そのため、鉄筋コンクリート造のマンションなどであっても、火災保険は必要なものと言えます。
マンションの財産は自分で守る!火災保険の必要性に関わる「失火責任法」
マンションに対する火災保険の必要性には、前述した「災害などの有事」の可能性が大きく関わってきますが、もう一つ関係してくるのは「失火責任法」です。
「失火責任法」とは、重大な過失である場合を除き、過失によって発生した火災の損害は、失火者に責任を求めることができない法律です。
例えば、購入したマンションが隣人からのもらい火で焼失してしまっても、隣人に損害賠償を求めることはできません。
このような法律の背景には、木造家屋が密集する発足当時(明治)の住環境が関係していますが、火災の延焼を著しく拡大させるリスクは現在も変わらないため、現法となって存在しています。
つまり、自分の財産は自分で守らなければならず、そのためにはマンションであっても火災保険は必要になってくるわけです。
また、自分が出火元になった場合、仮に重過失であるとみなされれば、被害者の損害を賠償しなければならないため、それも踏まえて火災保険への加入は非常に重要と言えます。
火災保険の内容は慎重な検討が必要
前項では、マンションに火災保険が必要とされる理由に、失火責任法という法律が関わっていることが分かりました。
このような火災保険の重要性が考慮され、マンションの購入には火災保険への加入が伴い、住宅ローンを組む際の条件として銀行側から求められる場合がほとんどです。
しかし、マンションの購入にはただでさえ大きな時間を要するので、火災保険を検討する時間を面倒に感じてしまいがちです。
そのため、加入する火災保険の内容を慎重に検討する方は少なく、提案された内容をそのまま選んでしまう傾向にあります。

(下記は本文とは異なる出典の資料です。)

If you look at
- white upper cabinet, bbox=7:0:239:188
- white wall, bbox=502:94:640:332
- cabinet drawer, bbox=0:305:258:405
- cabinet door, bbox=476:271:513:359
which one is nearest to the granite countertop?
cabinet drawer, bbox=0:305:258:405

また、中には保険内容をしっかり把握しておらず、実際に損害が生じてから、慌てて確認するという方もいます。
火災保険の内容は、有事の際にダイレクトに響きますので、「よく検討するべきだった」と後悔することのないように粘り強く吟味していくことが大切です。
火災保険の内容は必要・不要の見極めを!
有事の災害を想定する必要があるとは言え、マンション購入で加入する火災保険では、必要・不要な補償の見極めをすることが大切です。

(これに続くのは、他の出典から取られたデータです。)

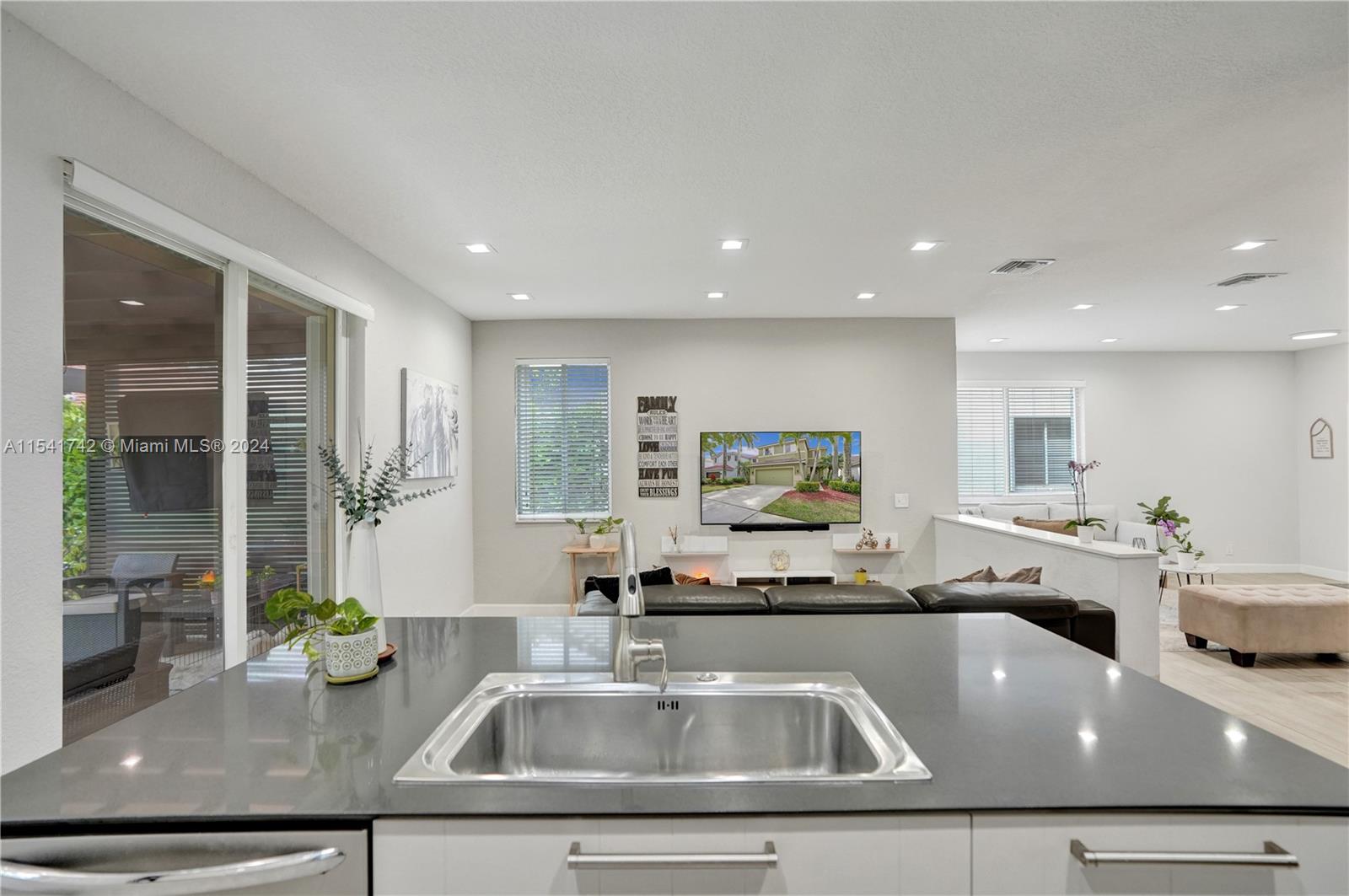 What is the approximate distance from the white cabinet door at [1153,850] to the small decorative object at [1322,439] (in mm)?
9599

具体的な火災保険の内容を見てみると、火災、水災、水漏れ、盗難などの補償がセットになってパッケージ化された保険や、自分のマンションに合わせた補償を選ぶカスタマイズタイプの保険があります。
全ての事態に対応できるようにパッケージタイプを選ぶのも良いですが、カスタマイズタイプを選ぶと不要な補償を省き、マンションの立地・環境に合わせた保険にすることができるため、保険料を抑えられるかもしれません。
また、カスタマイズタイプで保険内容を決める際は、自分のマンションの地域にどのような災害リスクがあるのか確認しておくと、より見極めた保険を選ぶことができます。
国土交通省が提示しているハザードマップを参考に、必要な補償を吟味していきましょう。
マンションの火災保険で注意したい!水災の種類と補償範囲
マンションの火災保険に加入するにあたり、見極めた補償選びの重要性をお話してきましたが、それに加えて特に注意したいのが、水災の補償です。
水災の詳しい災害の種類や補償範囲を知らず、実際に被害に遭ってから後悔するケースも少なくありません。
日本ではただでさえ豪雨や台風などの自然災害が多いので、ぜひここでチェックしておきましょう。
【水災の種類と補償範囲】
・洪水:台風、豪雨による河川氾濫、融雪による洪水被害
・高潮:台風などの荒天による、防波堤を越えた海水の浸水被害
・土砂崩れ:集中豪雨による土砂崩れ被害(土石流も含む)
上記を見てみると、例えばマンションの高層階に住んでいる場合は、水災へのリスクは低いと考えられますが、それが中層階である場合、海・河川沿い、崖の近くの立地なら水災の補償を検討する必要があります。
また、水による被害でも、水災とみなされないのが「水漏れ」と「津波」です。
この2つの被害は水災補償と誤解されやすいので、以下でよくチェックしておきましょう。
・水漏れ
マンションなどで階上から生じた水漏れ、排水設備による事故を指すため、災害に関わりはありません。
・津波
津波は地震によって発生するため、補償は地震保険によってカバーされます。
水災である「高潮」と混同されやすいので注意してください。
以上のように、水による被害といっても、原因次第では水災の補償対象にはならないので注意が必要です。
マンションの売却時に注意!火災保険を解約するタイミング
これまでに、マンションの火災保険の具体的な内容について詳しく見てきました。
最後に、マンションの売却時に気を付けたい火災保険の解約についてお話していきます。
マンションを売却する際、火災保険は不要になるため、解約する必要がありますが、ここで気を付けたいのが解約するタイミングです。
火災保険を解約する理想的なタイミングは、売却マンションの引き渡しが完了してからになります。
つまり、引き渡しを含めたマンションの売却契約が完全に終わった後、ということです。
と言うのも、例えばマンションの売却契約が完了する前に解約してしまうと、その短い間でも、万が一有事が起こってしまえば対応することができませんし、何かしらのトラブルで引き渡しが延長されるケースも考えられます。
火災保険は万が一の補償ですから、もしもの時に対応できるよう、マンションの引き渡しが完了するまでは解約を見送りましょう。
火災保険にも時間をかけた検討を
火災保険は、なにも火災に対して補償するだけではなく、水災、水漏れ、盗難などの被害にも適用されます。
特に、水害の多い日本では水災への補償をしっかりと把握し、マンションの立地環境に合わせた保険を検討することが求められます。
後悔することのないように、マンションの火災保険にはじっくりと時間をかけて考えるようにしましょう。